The army he would eventually send was, with these factors in mind, a strong one. Against Shawar’s wishes, it was not under the would be vizier’s direct command but rather that of the trusted Shirkuh, and with it went Salah ad-Din, or at least in one contemporary source he did. According to at least one other, he did not.
The initial move into Egypt did not bring Shirkuh everything he wanted. We saw a few episodes ago how once Shawar was installed as vizier, he then maneuvered between Shirkuh on the one side and King Amalric of Jerusalem on the other, making deals, often making payments, in order to maintain his position. We saw him eventually push Shirkuh, the man who had so recently helped him, back out of Egypt with the aid of Amalric and his men.
While, there’s some question as to Salah ad-Din’s initial involvement in all of this, later on in the Egypt project - and this plays out over a period of about 5 years - we do actually have him more definitely participating. We start to see him come to life as a character, to take advantage of a sequence of events that was going to allow him to raise himself from relative obscurity to a position of ultimate power and one of fame enough to carry down all the way down to us. We see him having been made a shihna, or police chief, in Damascus in 1165, and then made aide-de-camp by Shirkuh, who chose Salah ad-Din over his own sons. There must have been something about him to inspire such trust, such that when Shirkuh returned to Egypt “with vast armies,” this time his nephew was certainly with him.

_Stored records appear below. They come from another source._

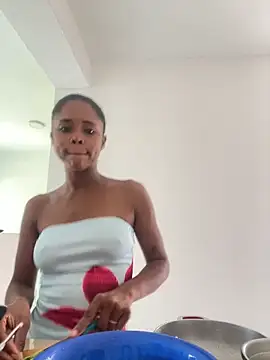 Snapshot of LIA_PARKERR chatting on 28, 2, 2026 LIA PARKERR online show from 28, 2, 2026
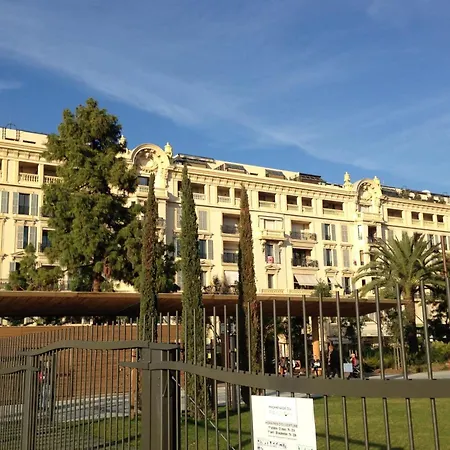Grand H -f2, Face Vieux- Nice, Terrasse, Ascenseur, Climatisation, Terrace - Center Appartamento Nizza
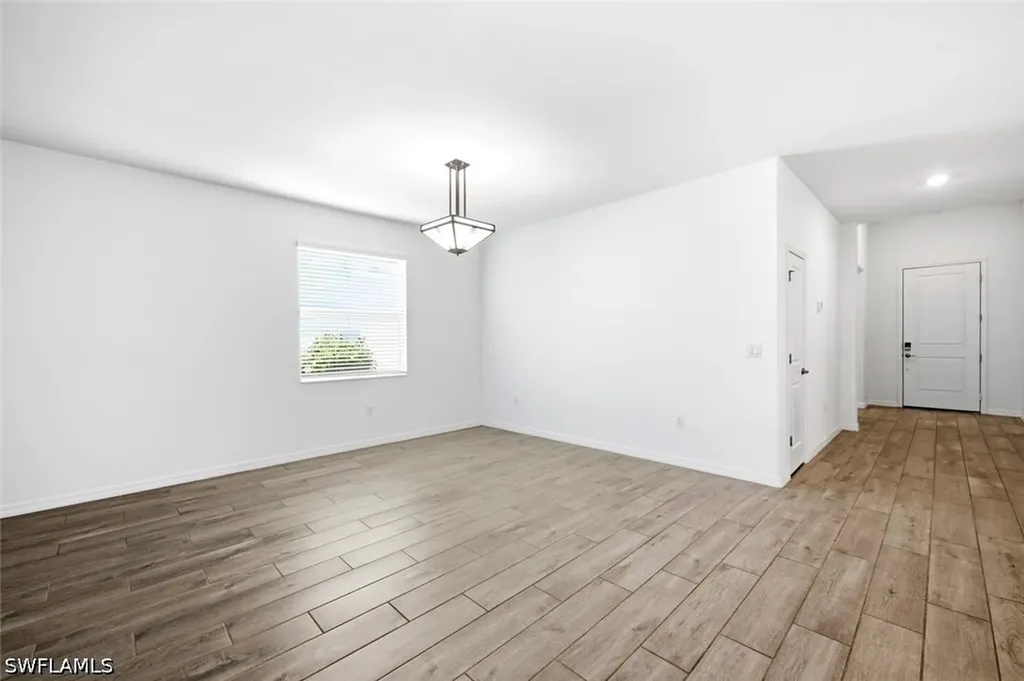 2294 Avocado Lane Naples FL 34120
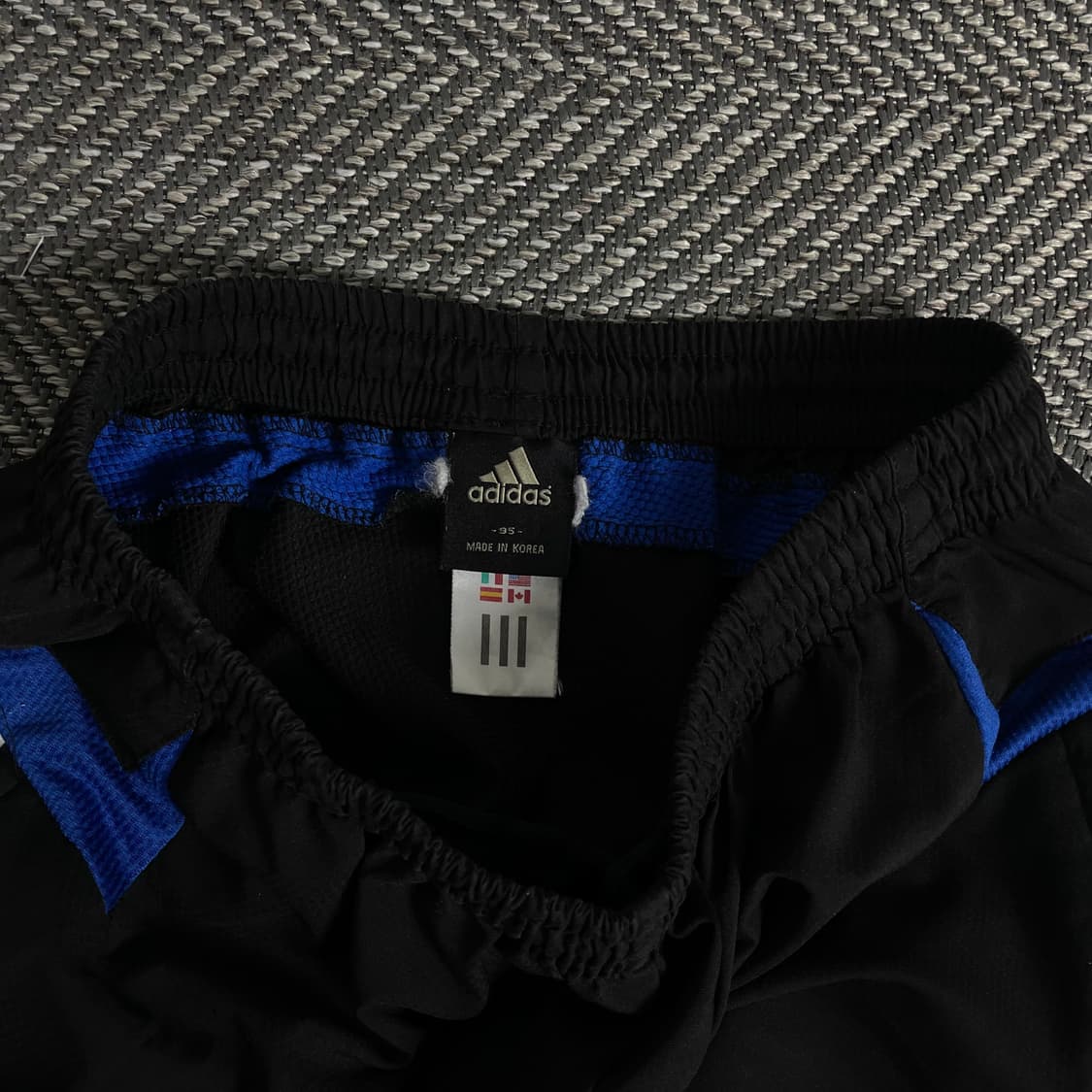 00s 아디다스 올드스쿨 배색 우븐 트랙자켓 & 트랙팬츠 세트y 3446 상품이미지9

This Syrian army marched south, again into Egypt, avoided attempts by Amalric to intercept it, and settled into position at Giza, opposite Fustat on the west bank of the Nile, where matters settled into a bit of a standoff, each side turning their attention elsewhere. Amalric, who had caught up quickly, made use of the opportunity to squeeze a little more money out of Shawar, while Shirkuh wrote to Alexandria, seeking the city’s assistance in his conflict and pointing out that it was not he who had invited the crusaders in. And just to connect this back to the last few episodes, remember that as Shirkuh and Salah ad-Din were encamped on one side of the river, Moses ben Maimon lived his life on the other.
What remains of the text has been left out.